Para no perdernos en los meandros de la historia, anotamos al pasar algunos, dos puntos de arranque para iniciar una aproximación al conflicto. 1.- La guerra ruso-persa de 1826, que culminó con el Tratado de Turkmenchay, por el cual, entre otras cuestiones, Persia cedió “el kanato de Ereván (la mayoría de la actual región central de Armenia), el kanato de Najicheván (la mayoría de la actual República Autónoma de Najicheván de Azerbaiyán), el kanato de Talysh (sudeste de Azerbaiyán) y las regiones de Ordubad y Mughan (hoy parte de Azerbaiyán), y reiteró las cesiones efectuadas a Rusia en el marco del tratado de Gulistan.”. Y 2.- Permite el reasentamiento y la libre circulación de los armenios desde el Azerbaiyán iraní al Cáucaso, lo que incluía también una liberación de los armenios capturados por Persia. Este reasentamiento reemplazó los 20 mil armenios que se mudaron a Georgia entre 1795 y 1827. 

El segundo punto de arranque nos remite al sempiterno enfrentamiento entre la Rusia imperial y el Imperio Otomano. Todo alineado con el fanatismo de cristianos y musulmanes; musulmanes y cristianos que por lo general han enmascarado intereses económicos y geoestratégicos cuyos beneficiarios fueron otros. En especial el imperio británico, que dibujó casi a su antojo el mapa del Cáucaso, el Oriente Próximo y Asia Central. 

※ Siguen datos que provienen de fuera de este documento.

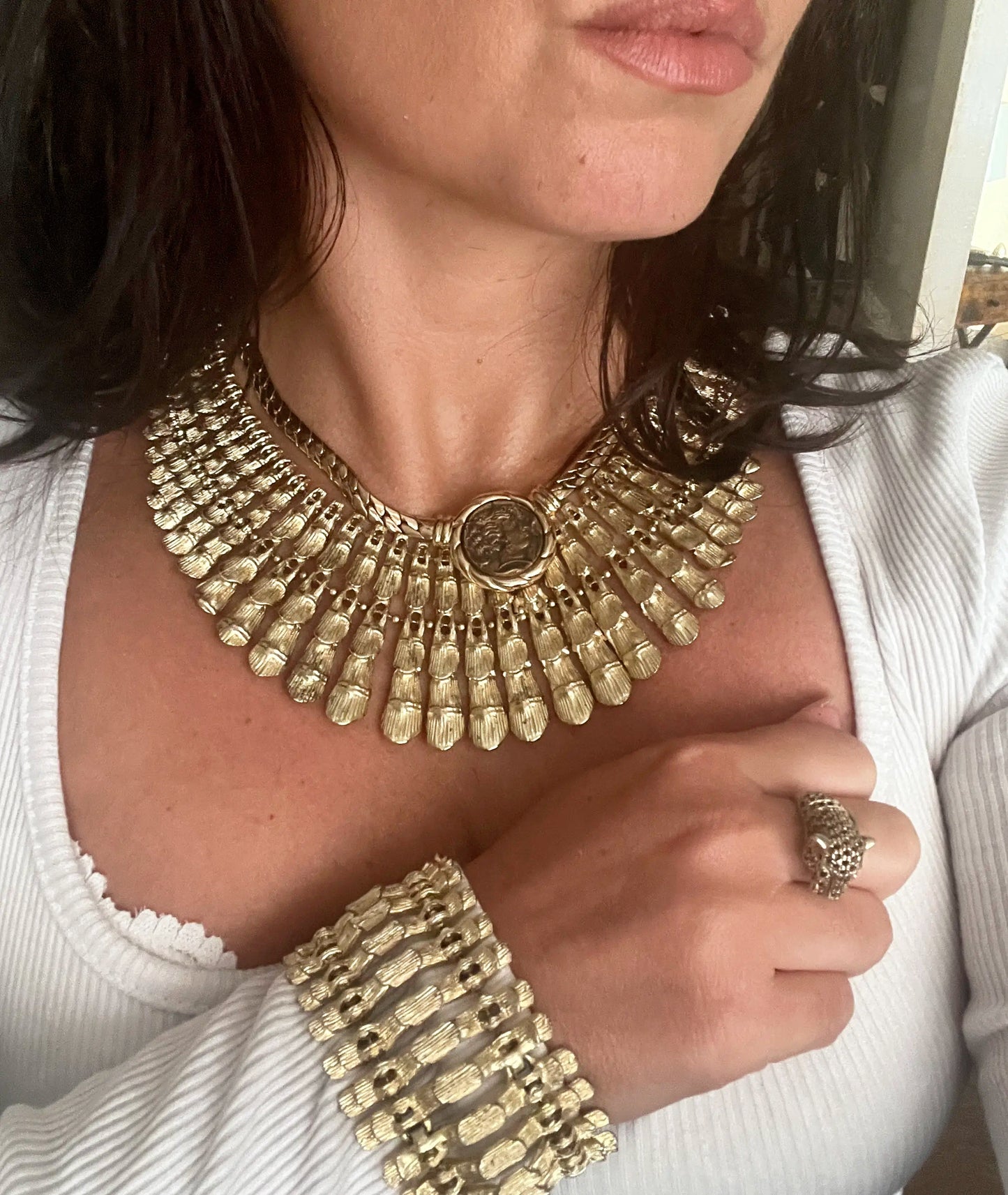 🐛 STATEMENT POWER SET: BSK Cleopatra Scarab Necklace & Bracelet - Ancient Egyptian Glamour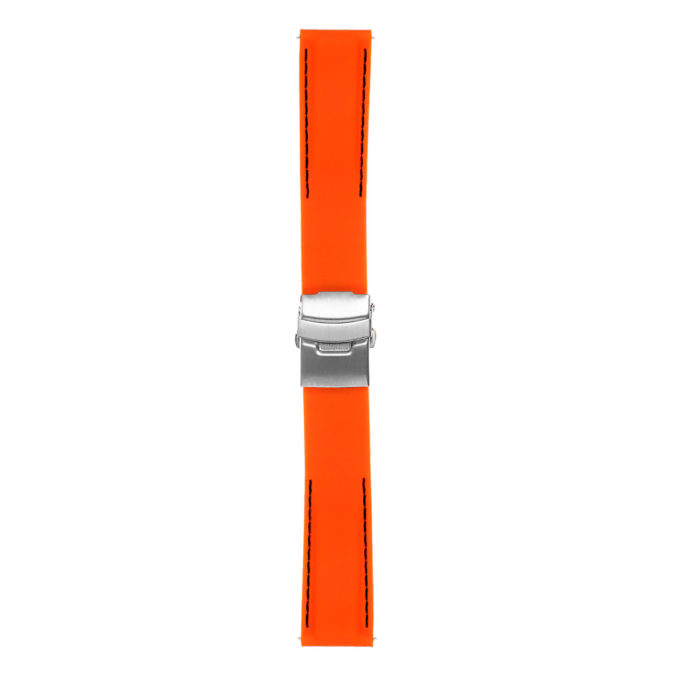 Pu12.12.1 Silcone Rubber Strap In Orange W Black Stitching 3 Apple Watch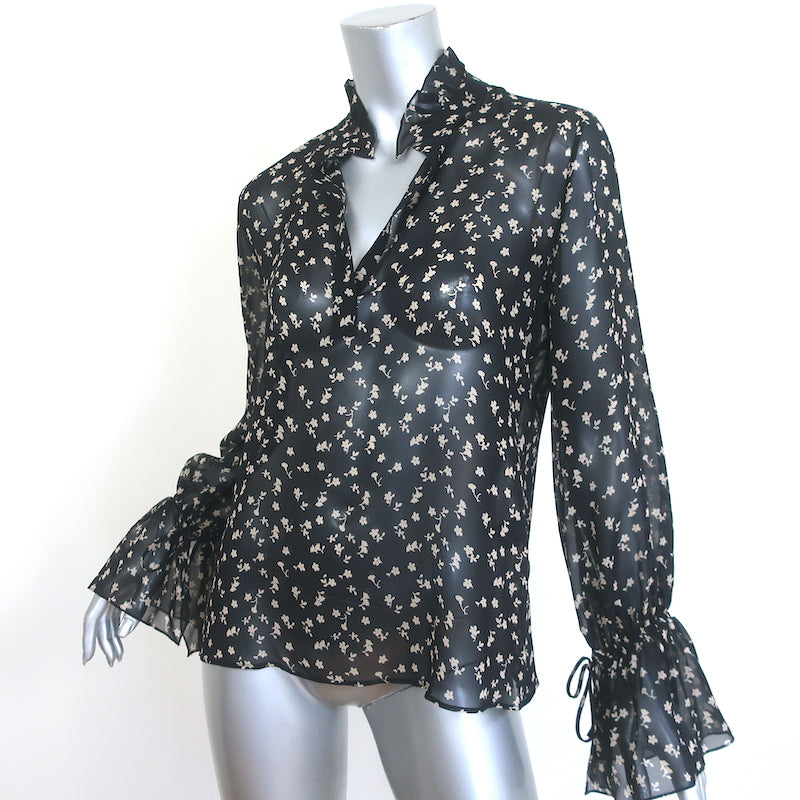 Nili Lotan Demi Bell Sleeve Blouse Black Floral Print Silk Chiffon Size Small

La llegada de Josef Stalin al poder adquirió en la región perfiles dramáticos. Modificó hábitos y costumbres ancestrales que contrariaban “los civilizados modos de vida” de  Moscú. Tarea que encargaron a la policía secreta del régimen, que persuadió “con extrema ternura” a los habitantes de Armenia, Azerbaiyán y Georgia.

De esta manera se abrió un nuevo escenario de disputa. Ahora con Turquía. Cuando fue disuelta, en 1936, la República Federal Socialista Soviética de Transcaucasia y Armenia, Azerbaiyán, y Georgia se convirtieron en repúblicas independientes separadas que reafirmaron sus más antiguas tradiciones. 

El mejor ejemplo lo proporciona el diseño del escudo nacional armenio, que le dio centralidad al monte Ararat como símbolo nacional y por sobre su cumbre la hoz y el martillo con la estrella roja detrás de ellos. Cuestión que provocó airadas protestas por parte de Turquía, ya que la montaña donde el Arca de Noé tocó tierra es territorio propio. La respuesta de Moscú fue casi inmediata. Rechazaron la pretensión de Ankara por improcedente, habida cuenta de que el símbolo heráldico principal turco es la Luna en cuarto creciente. 

Inmediatamente Stalin, a manera de compensación, transfirió los territorios de Najicheván y Nagorno Karabaj -hoy en disputa- a Azerbaiyán. Regiones éstas que habían sido prometidas a Armenia por los bolcheviques en 1920. 

Este detalle no logró calmar el malestar turco ni de la comunidad musulmana, que se transforma en ira cada vez que se acerca el 24 de abril, fecha en que los armenios de todo el mundo conmemoran el exterminio de 1,5 millón de hombres, mujeres y niños por el gobierno de los Jóvenes Turcos, liderados, entre otros, por Ismail Enver -llamado Enver Pachá o Enver Bey por los europeos de su época-.

Personaje que, el 24 de octubre de 1914, se nombró a sí mismo vicegeneralísimo y se convirtió en el único dictador de facto del Imperio Otomano. Una semana después ordenó que todos los hombres del imperio en edad de portar armas se presentasen en las oficinas de reclutamiento, declaró la guerra a los países que integraban la Triple Entente y bombardeó Odessa, en una operación conjunta de las flotas turca y alemana.